Another psychological phenomenon may explain the continued Whitewashing in the film industry and this is Social Identity Theory (Tajfel, 1978) . In Social Identity Theory, people’s self-esteem is anchored in their social identities and thus positive representation of their social identities is necessary to maintain a positive self-esteem. Considering that racial identity is one of the predominant social categories in which people use to identify (Hewstone, Hantzi, & Johnston, 1991), it should not be unusual to find that people prefer to see their racial group positively portrayed in the movies and media. There is research suggesting that people prefer to watch shows that are inclusive of their own gender (Oliver, 2000; Trepte, 2006) and culture (Zillmann et al., 1995) . However, the research concerning in-group racial preference on casting choices is still nascent (Weaver, 2011) . Weaver’s (2011) studies demonstrated some credence to the argument that people prefer racial ingroup members in lead roles, however, this was only demonstrated for White individuals and other factors like genre of movie and celebrity of actors seemed to impact his findings. Additionally, Weaver (2011) found that colorblindness (Neville, Lilly, Duran, Lee, & Browne, 2000) moderated the findings that Whites were more likely to prefer their racial ingroup in movies. Colorblindness is the endorsement that racial identity and membership have no consequence or impact in one’s life; an incidentally ironic cognitive bias considering that such an endorsement is indicative of greater prejudice against people of color (Richeson & Nussbaum, 2004) . Supporting the association between colorblindness and prejudice, Weaver (2011) found that Whites with high levels of colorblindness were more likely to prefer movies with White casts than monoracial People of Color casts. Suggesting that Whitewashing may be explained by principles of social identity theory, at least for Whites. However, it is still unclear if monoracial People of Color or minorities have the same preferential bias for their own racial ingroup or, possibly, a preference for White casts.

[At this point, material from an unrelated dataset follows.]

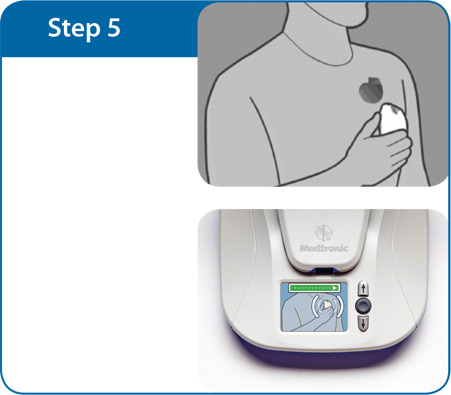 Oliver Segal Medtronic Mycare step 5.jpg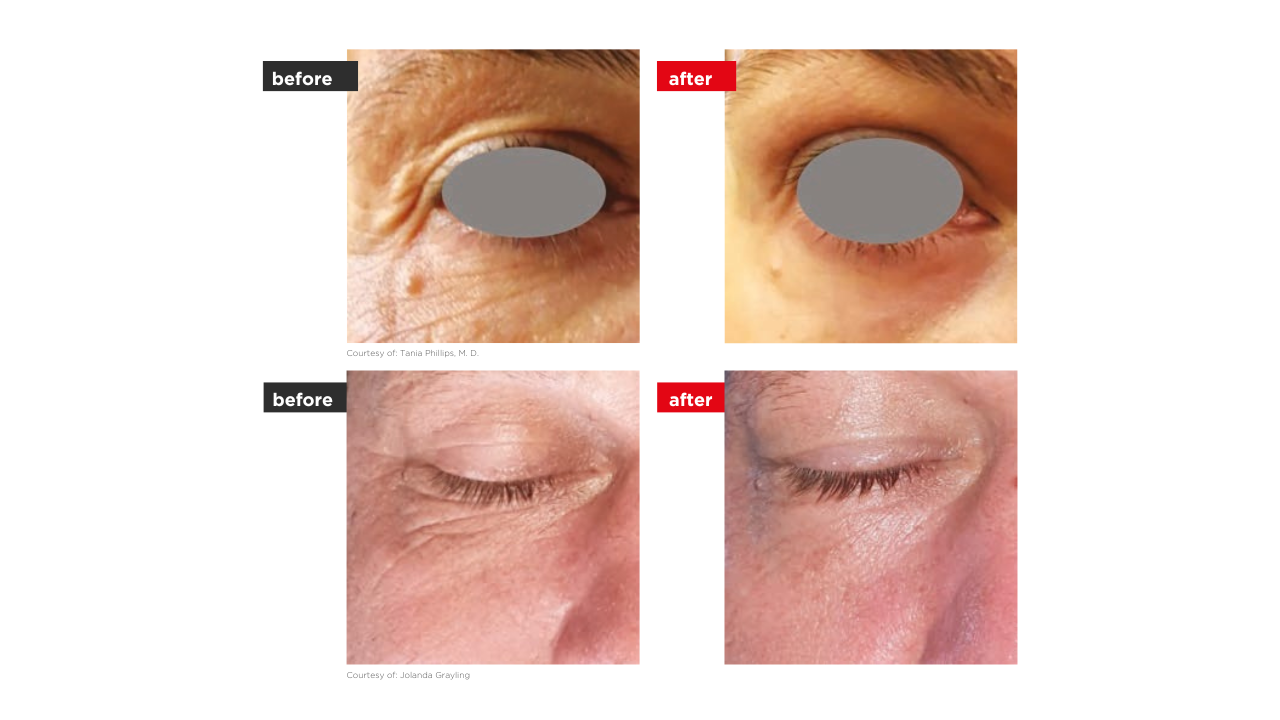 SmoothEye előtte utána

Some evidence (e.g., Harris, 2016; Jones, 2016 ) has suggested that monoracial People of Color may actually prefer White casts, as has been argued by many entertainment executives who suggest that stories do not sell well overseas. For example, Marion Edwards, Fox’s International TV President stated that diverse shows to not sell well overseas, because they do not reflect the society that those people live in: “These shows [diverse shows] are a reflection of our society, but [they are] not a reflection of all societies." She further states: “We are telling our units that they need to be aware that by creating too much diversity in the leads in their show means… problems having their shows translating to the international market.” (Roxborough, 2016) . If the level of diversity in a society is having an effect on the racial preference for actors, then we should be able to find this by sampling people from a diverse environment. If the reasoning that less diverse environments tend to create a preference for Whitewashing or White actors then we should see less preference for White actors in more diverse societies.

3. The Present Study

If Whitewashing is a product of “life reflecting art” we should see support for Zajonc’s (1968, 2001) mere-exposure effect, in that both Whites and minorities endorse the casting of primarily White actors in their movies. However, if Whitewashing is a product of “art reflecting life” and social identity theory (Tajfel, 1978) is operating universally for both Whites and minorities when it comes to their preference for movies, then we should see that both Whites and minorities prefer their own ingroups to be cast. Additionally, by conducting this study in a racially diverse area we should be able to test if the preference for Whitewashing is at all impacted by the racial diversity of one’s environment. The following study was conducted in order to better understand the operating principles behind Whitewashing from an audience standpoint that encompasses both majority (Whites) and minority audience members.

4. Method

Participants and Procedures

Participants were recruited from online social networks sites and at a university in Hawaii. Hawaii is known for its racial diversity and unlike the rest of the mainland US has no one racial majority (US Census Bureau, 2016) . It is important to note that we were not measuring “Hawaiian” racial identity, but only how exposure to a racially diverse environment might affect one’s preferences for media with racially diverse casts. Undergraduate psychology students at the university received course credit upon completion of the study, while all other participants received no compensation. The following study was approved by the Hawaii Pacific University Institutional Review Board. There were 228 (Female = 165, Male = 63). The average age of participants was 21.42 years (SD = 5.06). Participants were asked to specify which racial group or groups they identified with. Considering that racial identity of participants is being used as the variable testing social identity theory, it is important to delineate how racial identity was measured. Participants could choose from a variety of racial groups including listing their own racial groups should one not be listed. Those that identified with more than one racial group, were automatically classified as “Multiracial”. Those that identified with only one minority (i.e., not White) racial group were automatically classified as Monoracial People of Color (MPOC). The sample reflected a racially diverse population: 38% Multiracial, 32% MPOC (Asian = 46, Hawaiian = 9, Hispanic = 9, and Black = 8), and 30% White.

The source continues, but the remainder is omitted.